A evolução legislativa em ambos os países, de fato, introduziu diversas mudanças no campo da adoção, contudo, alguns progressos deixaram de ser feitos, a despeito da importância da afetividade e do interesse maior da criança já reconhecida pelas respectivas Constituições e ratificada pelos Tribunais pátrios.
No Brasil, a nova Lei deu preferência desproporcional à manutenção de crianças em situação de risco no seio da família natural, frente à sua colocação em entidade familiar substituta, mantendo a adoção como medida excepcional. É dizer, a Lei de Adoção, que se propõe a facilitar o procedimento de adoção, em lugar de ampliá-la, acabou por relegá-la a segundo plano.
Em verdade, o legislador brasileiro desperdiçou excelente oportunidade de (melhor) regulamentar matérias atualíssimas e de grande importância como a possibilidade de realização da adoção direta em situações de guarda fática com vínculo socioafetivo já consolidado, e a questão da homoparentalidade. Embora a legislação vigente não proíba expressamente tais práticas, tampouco as autoriza, com efeito, a Lei é insatisfatória quanto a questões polêmicas e bastante relevantes.
Conquanto não faça referência à adoção intuitu personae, a nova legislação determinou a obrigatoriedade do respeito aos Cadastros de Adoção, estabelecendo textualmente apenas 03 (três) exceções, constantes no § 13 do artigo 50 do ECA. Excepcionou-se apenas os casos de adoção unilateral; as realizadas pela família extensa; e os casos de menores com mais de 03 (três) anos sob guarda legal.
Sabe-se, entretanto, que a proteção à criança e ao adolescente e a defesa de seus interesses não pode ser sobrepujada pelo formalismo procedimental.
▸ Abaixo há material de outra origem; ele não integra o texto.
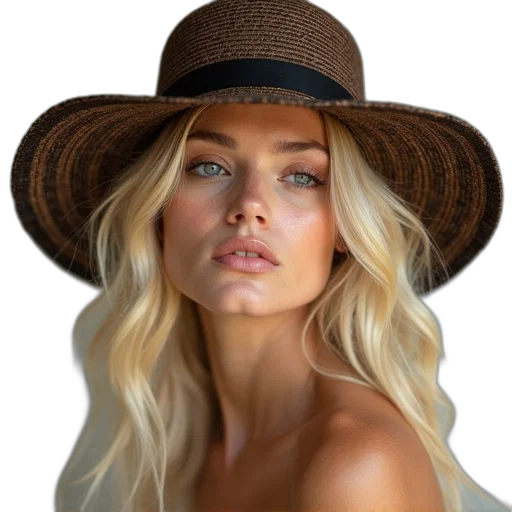 hat, face, crown, hair transparent PNG cut-out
Com efeito, os Cadastros de Adotantes garantem a equidade e a lisura do processo de adoção, bem como preparam os adotantes para o recebimento de um filho adotivo, entretanto, a realidade fática de famílias socioafetivas de relações já solidificadas pela convivência não pode ser ignorada.
O sistema jurídico de Portugal, no tema referente à adoção, ainda se mostra bastante incompleto, comparado ao do Brasil, especialmente no que tange à regulamentação de outras hipóteses de adoção direta além da adoção de filho do cônjuge (que agora também é possível entre casais homoafetivos), posto que deixou de prever outras exceções igualmente importantes para a aplicação da adoção intuitu personae, onde o vínculo afetivo deverá sempre prevalecer sobre a letra fria da lei, a fim de se minimizar as consequências da medida de colocação em família substituta.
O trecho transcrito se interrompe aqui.